== DATASET EXTRACT
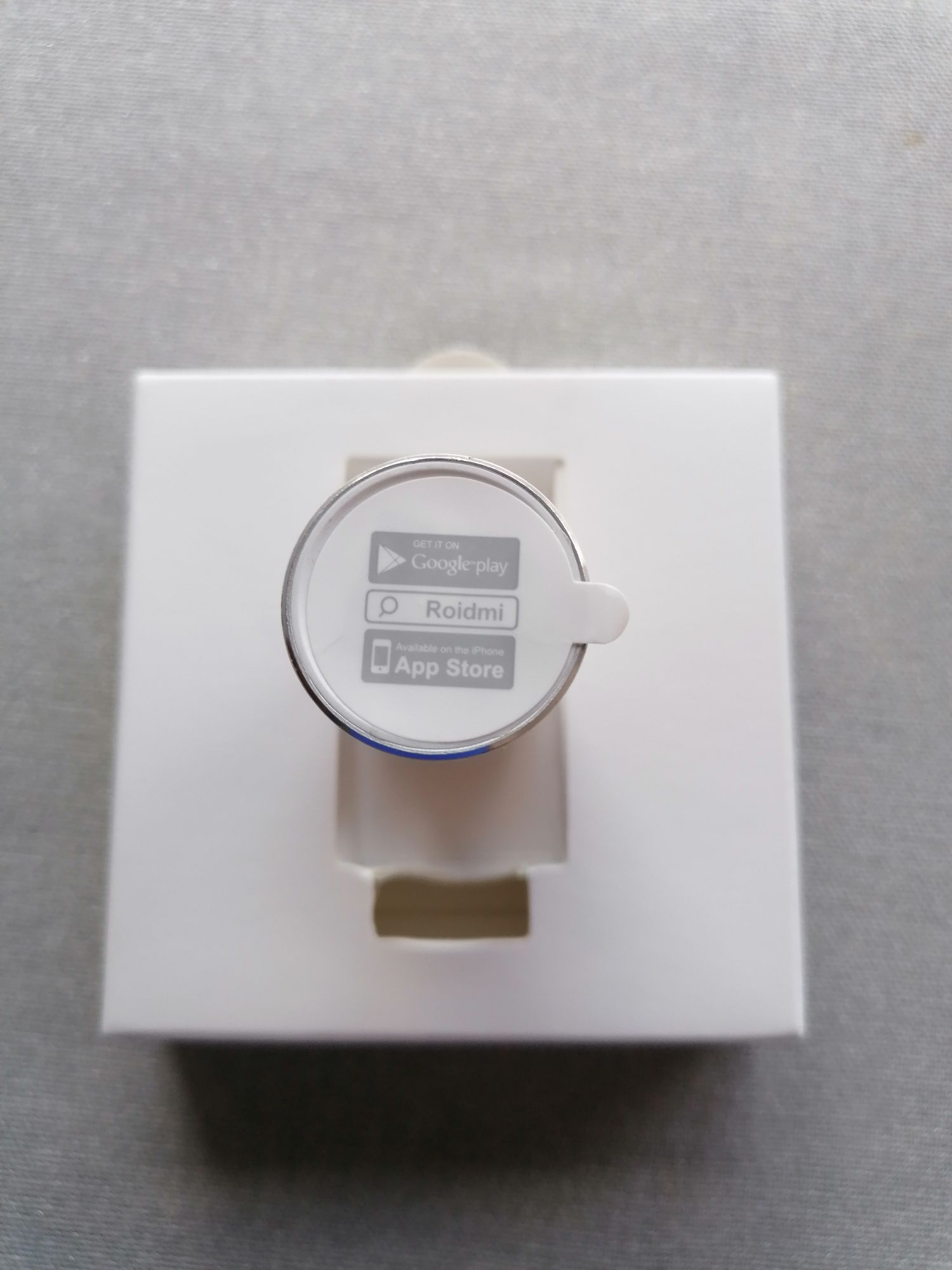 Adaptador auto ROIDIMI Bluetooth
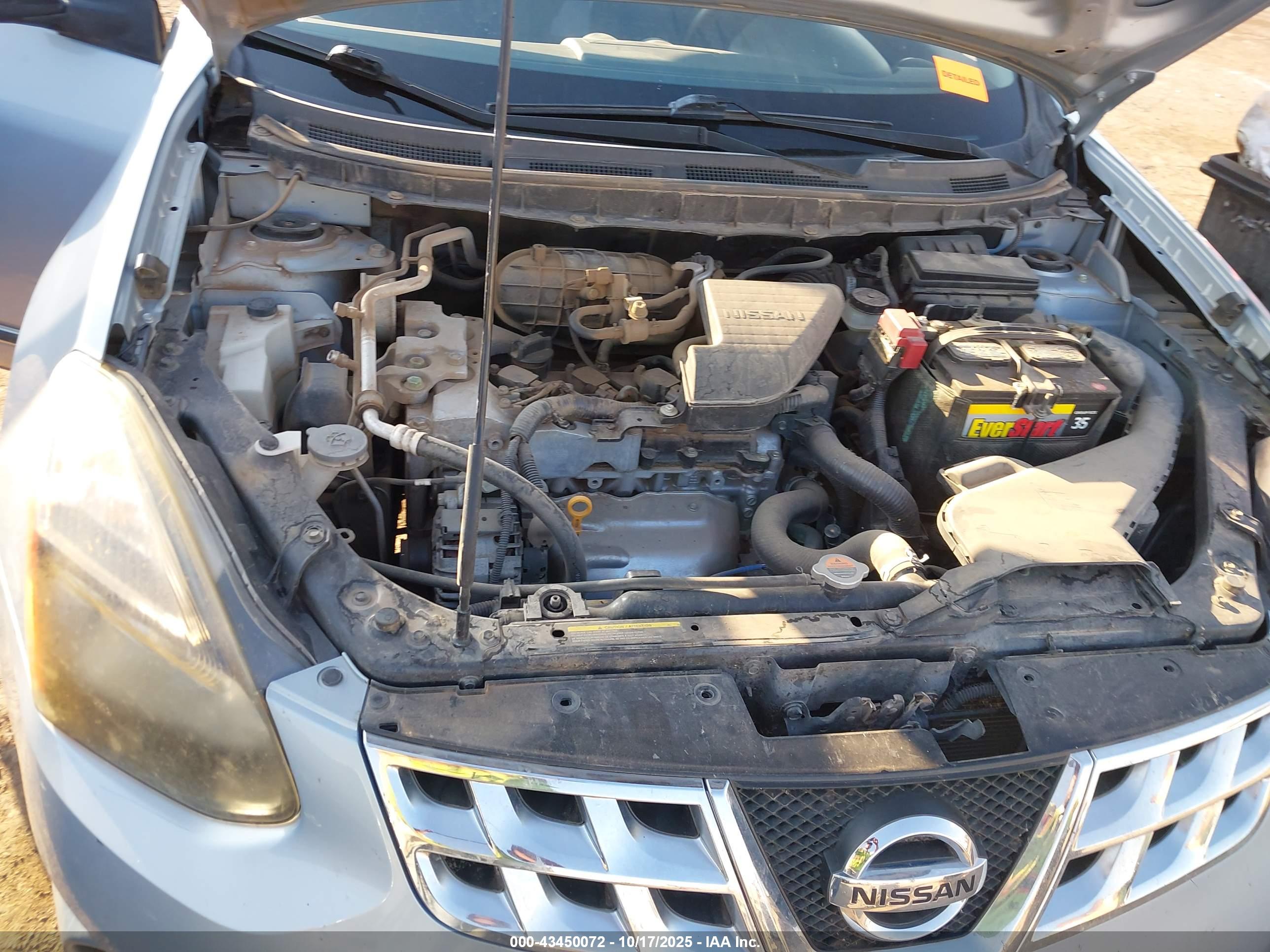 NISSAN ROGUE image 10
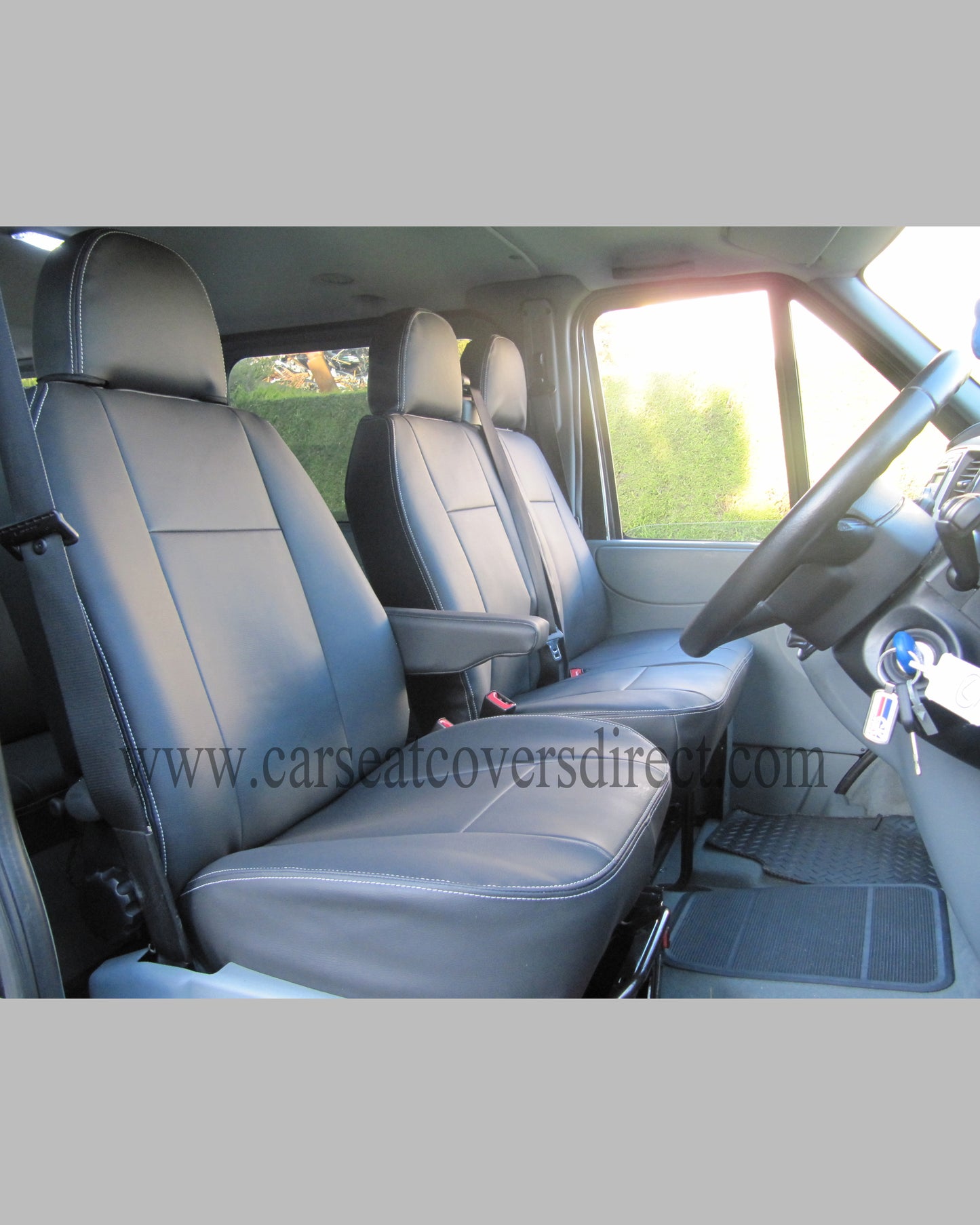 Ford Tourneo Van seat covers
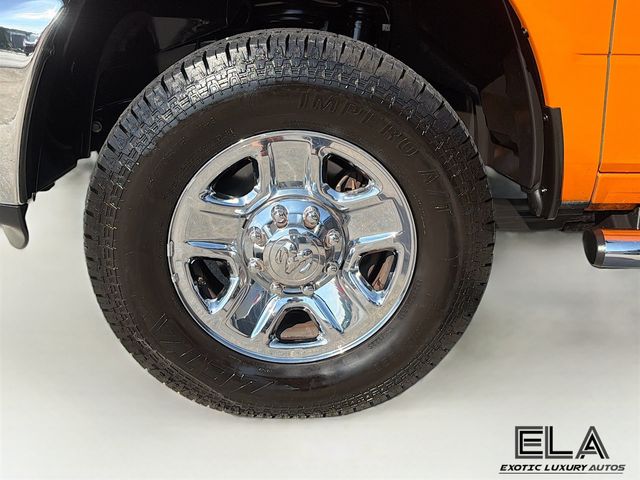 2016 Ram 2500 FULLY SERVICED AT DEALER! LOOK AT CARFAX! 6.4L HEAVY DUTY MDS - 23025527 - 32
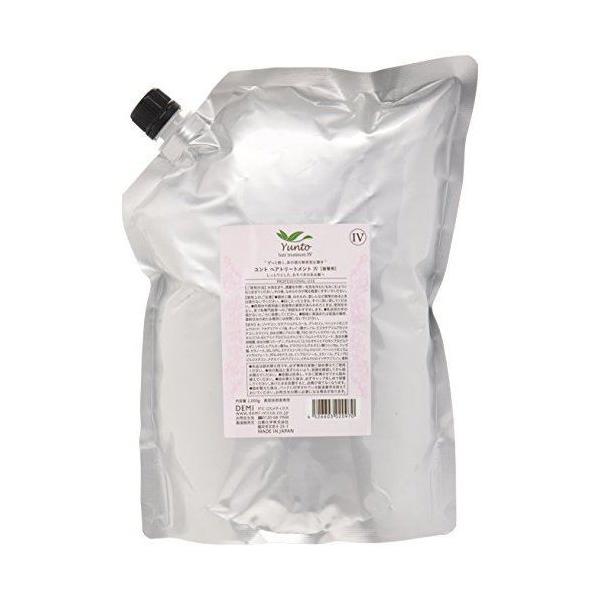 DEMI f~ g wAg[gg 4 (IV) 2000g lւp(tB) Yunto Treatment Ƃ e Tꔄi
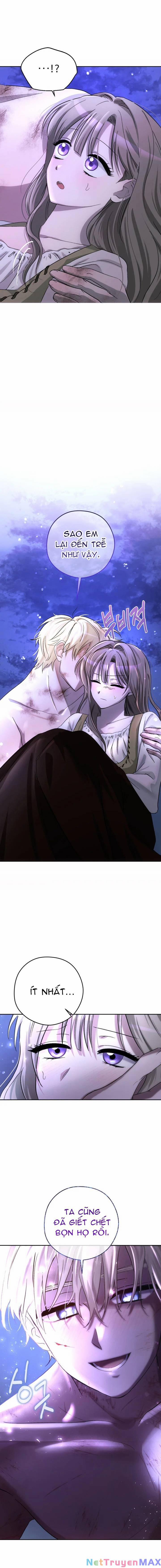 Hầu Nữ Nắm Giữ Dây Xích Của Bạo Chúa 1 trang 7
====
PROBLEM REQUIREMENTS =>
With pictures omitted, reproduce exactly the lines from the line containing "NISSAN ROGUE image 10" through the end of the data above.

YOUR RESPONSE =>
 NISSAN ROGUE image 10
 Ford Tourneo Van seat covers
 2016 Ram 2500 FULLY SERVICED AT DEALER! LOOK AT CARFAX! 6.4L HEAVY DUTY MDS - 23025527 - 32
 DEMI f~ g wAg[gg 4 (IV) 2000g lւp(tB) Yunto Treatment Ƃ e Tꔄi
 Hầu Nữ Nắm Giữ Dây Xích Của Bạo Chúa 1 trang 7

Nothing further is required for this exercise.